Tea tree oil can also help remove skin tags. First, clean the skin tag with clean water, and then apply about 1 to 3 drops of tea tree oil on it. Use a Q-tip or cotton swab to rub the skin tag with the oil.
Do this at least 3 times a day till the skin tag falls off. Some people may experience skin irritation while applying tea tree oil directly on the skin. So, you can dilute the oil with water (in the ratio of 1:1), before applying it on the skin.

Castor Oil and Baking Soda

Baking soda and castor oil are used by many people for skin tag removal. You can mix both castor oil and baking soda to make a fine paste, and then coat the skin tag completely with the paste.
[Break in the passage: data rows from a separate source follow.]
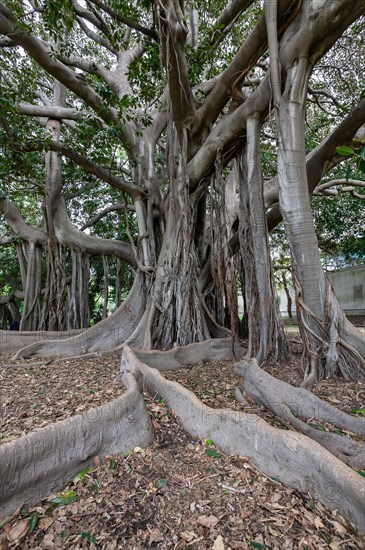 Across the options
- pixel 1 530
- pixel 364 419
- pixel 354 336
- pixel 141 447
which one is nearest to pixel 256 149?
pixel 354 336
Apply the paste on the tag 2 to 3 times a day.
This simple home remedy can help dry out the skin tag gradually. You can also cover the tag with a small bandage after applying the paste, in order to make this remedy more effective.

Vitamin E oil and Band-aid

Take a vitamin E capsule and break it open. Apply the vitamin E oil to the skin tag and the surrounding area, and then cover the tag with a small band-aid. The band-aid helps cut off the supply of blood to the tag.
So, keep it on the tag for several days, and then check if it has fallen off. If it hasn't, then apply some more vitamin E oil on the tag and the surrounding skin, and cover the tag with another band-aid. Vitamin E helps heal the surrounding skin when the skin tag is being sloughed off.
Many people use nail polish for skin tag removal. However, this remedy should never be used for removing tags that grow on the eyelids or other sensitive areas. Sometimes, removing skin tags at home may pose some risks, especially if you try to cut or tie it tightly with a thread, which can cause an infection and bleeding at times.
Moreover, certain other skin conditions like moles, seborrheic keratosis, warts, and melanomas may be confused with skin tags. So, it is advisable to consult a physician to distinguish skin tags from other skin conditions, and get them removed safely.
Disclaimer: This story is for informative purposes only, and should not be considered as a substitute for professional medical advice.